Akses Aborsi Memungkinkan Kami Memiliki Keluarga yang Bahagia dan Sehat

Kami baru-baru ini merayakan pernikahan putri kami, sebuah ritual yang meneguhkan hidup menjadi lebih menyenangkan dengan dapat bersatu kembali dengan keluarga besar dan teman-teman setelah jeda yang disebabkan oleh COVID tanpa akhir. Pernikahan itu berlangsung hanya beberapa minggu sebelum Mahkamah Agung AS membatalkan Roe v. Wadeyang telah menetapkan hak konstitusional untuk aborsi selama sekitar 50 tahun.
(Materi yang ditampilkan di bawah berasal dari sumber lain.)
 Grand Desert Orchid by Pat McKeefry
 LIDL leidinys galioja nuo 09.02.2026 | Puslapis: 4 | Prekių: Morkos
Hampir kebetulan dari dua peristiwa itu membuat kami terguncang. Ini menggarisbawahi lagi sesuatu yang telah kami diskusikan berulang kali selama beberapa dekade setiap kali sebuah laporan berita mengumumkan tantangan lain untuk aborsi: Hidup kami akan sangat berbeda jika kami tidak memiliki akses ke layanan aborsi. Faktanya, kemampuan untuk mengakses aborsi yang aman ketika kami membutuhkannyalah yang pada akhirnya memungkinkan kami untuk menjadi orang tua yang bangga dari seorang putra dan putri yang sehat.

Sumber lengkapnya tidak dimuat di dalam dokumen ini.